As Earth Day turns 40 today, it gets me thinking about all the wacky notions advocated by the long-haired, tie-dyed, wire-rimmed youthful hipsters of the early '70s. (Yes, I was among them.)
You know, those wild anarchists who read the Whole Earth Catalog and may as well have been called "nattering nabobs of negativism," to recycle a phrase from then Vice President Spiro Agnew. They not only thought that plenty was wrong with the world, but also believed fervently that they could make it right by encouraging a few small changes in our lives, such as eating brown rice.
We tend to think of Earth Day as a celebration of the three Rs (reduce-reuse-recycle). But many of the rallying cries of those '70s activists were food-related, from how we grew it to how we picked it, sold it and cooked it.
At the time, no one realized it was the beginning of a food revolution, since much of the action took place out of the public eye -- in kitchens and co-ops, at farms and farmers markets. There were no leaders and certainly no celebrities in those early days, just regular folks scooping up bulk foods and bringing their own reusable containers to stores in a modest effort to change the world.
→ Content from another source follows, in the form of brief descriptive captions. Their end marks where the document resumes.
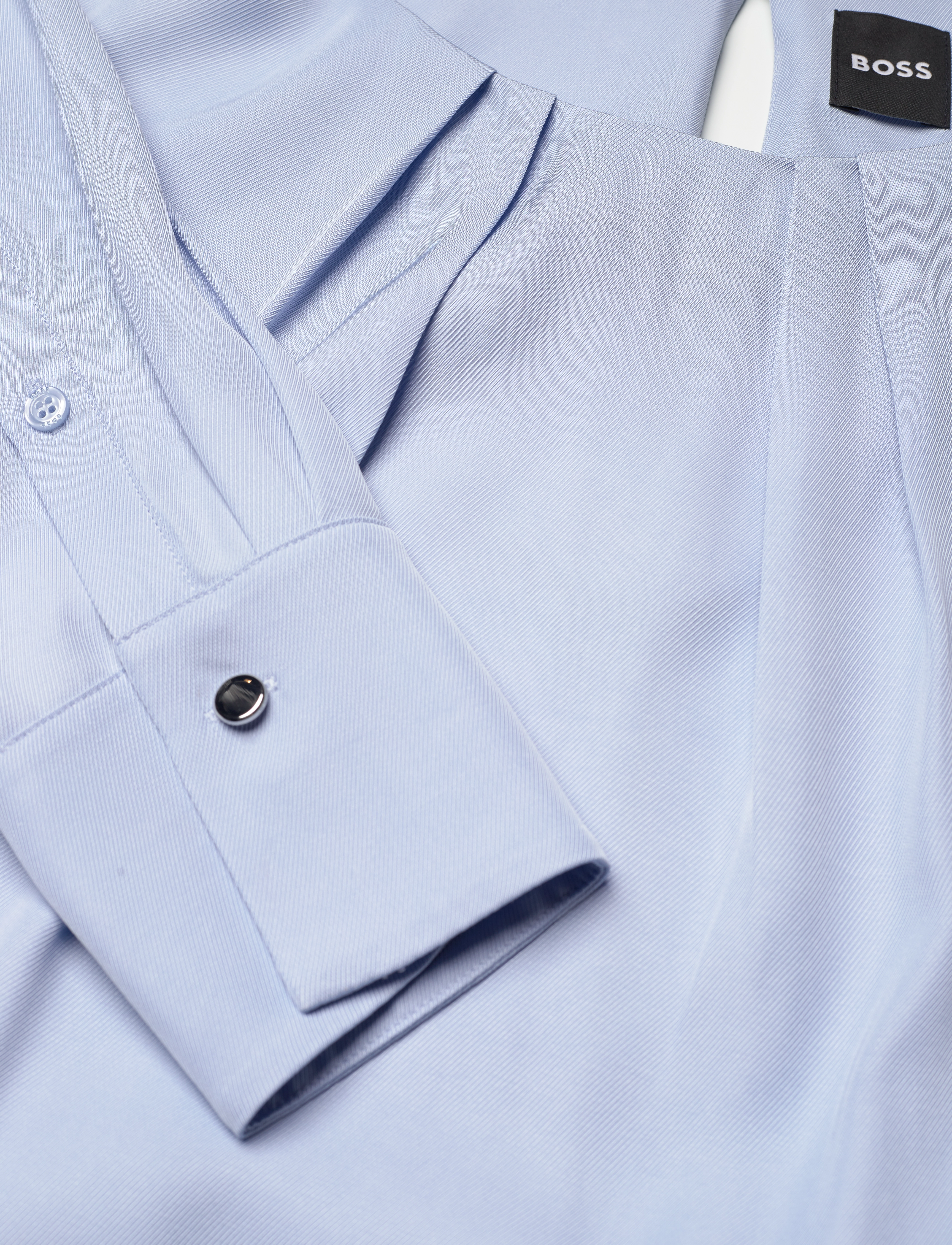 BOSS - Docelia - light/pastel blue - 2
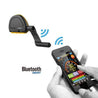 Bluetooth Bike RPM Speedometer Computer V4.0 - Veteran Merchandise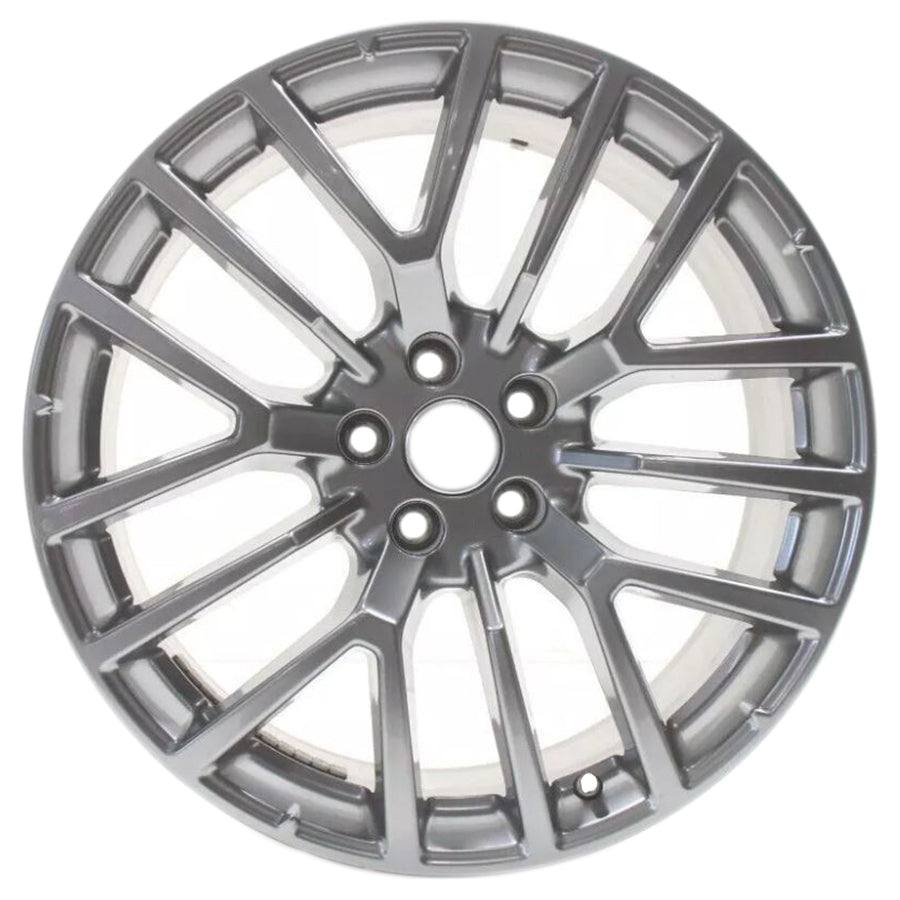 2024 Maserati Grecale 19" OEM Wheel Rim W94070S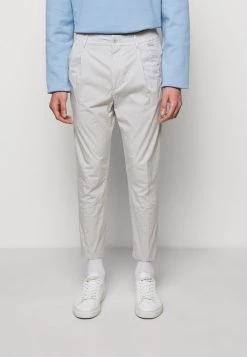 DRYKORN CHASY - Chinos - Grey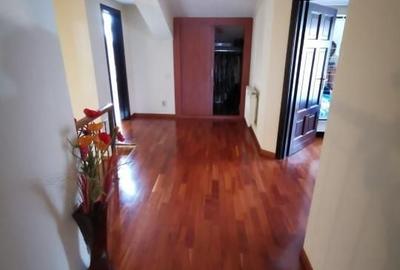 Vila P+1 Iancu Nicolae- Pipera- Drumul Potcoavei - 11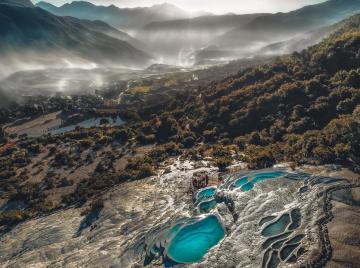 Haba_Snow_Mountain_Yunnan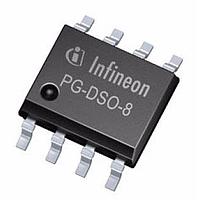 Infineon BTS3405GXUMA1 ຕົວປ່ຽນພະລັງງານ HITFET IC ຝ່າຍຕ່ຳ 0.55A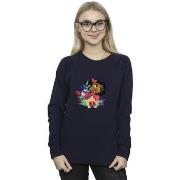 Sweat-shirt Disney Encanto Born To Be Me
It truly was a "people's" revolution that occurred so quietly and completely that outrageous actions became mainstream in what seems to have been the blink of an eye.
Compare it with the self-proclaimed "Food Revolution" of today, with slick made-for-television productions by celebrity British chef Jamie Oliver and his predictable on-camera tears and hugs. Makes you wonder who will do the real work of creating change once the cameras are off.
So what were those too-crazy-to-consider, brazen ideas offered forth as Earth Day rolled around for the first time in 1970?
• Eat less meat.
"But we need meat," said the critics.